Minuscule 765
- Text: Gospels
- Date: 12th century
- Script: Greek
- Now at: National Library of Greece
- Size: 18 cm by 12.5 cm
- Type: Byzantine text-type
- Category: V
- Note: —

= Minuscule 765 =

Minuscule 765 (in the Gregory-Aland numbering), ε478 (von Soden), is a Greek minuscule manuscript of the New Testament written on parchment. Palaeographically it has been assigned to the 12th century. The manuscript has complex contents. Scrivener labelled it as 856^{e}.

== Description ==
The codex contains the text of the four Gospels, on 229 parchment leaves (size ), with one lacuna. The text is written in one column per page, 29–31 lines per page. Its lacking texts of John 19:5 – 21:25 were supplied by a later hand on paper.

The text is divided according to the κεφαλαια (chapters), whose numbers are given at the margin, with their τιτλοι (titles) at the top of the pages. There is also another division according to the smaller Ammonian Sections (in Mark 240 sections, the last in 16:19), but without a references to the Eusebian Canons.

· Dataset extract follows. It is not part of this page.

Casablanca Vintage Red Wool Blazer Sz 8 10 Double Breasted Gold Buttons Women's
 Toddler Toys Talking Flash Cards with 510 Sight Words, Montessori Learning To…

It contains tables of the κεφαλαια before each Gospel (tables of contents), lectionary markings at the margin, incipits, liturgical books with hagiographies (Synaxarion and Menologion), subscriptions at the end of each Gospel, and numbers of στιχοι.

== Text ==
The Greek text of the codex is a representative of the Byzantine text-type. Hermann von Soden classified it to the textual family K^{x}. Aland placed it in Category V.

According to the Claremont Profile Method it represents textual family K^{x} in Luke 1 and Luke 20. In Luke 10 no profile was made. It belongs to the textual cluster 550.

== History ==
Scrivener dated the manuscript to the 14th century; Gregory dated it to the 12th century. Currently the manuscript is dated by the INTF to the 12th century.

The manuscript belonged to the monastery του Δεοντιου, and it was presented to the Museum in Aegina.

It was added to the list of New Testament manuscripts by Scrivener (856) and Gregory (765). Gregory saw the manuscript in 1886.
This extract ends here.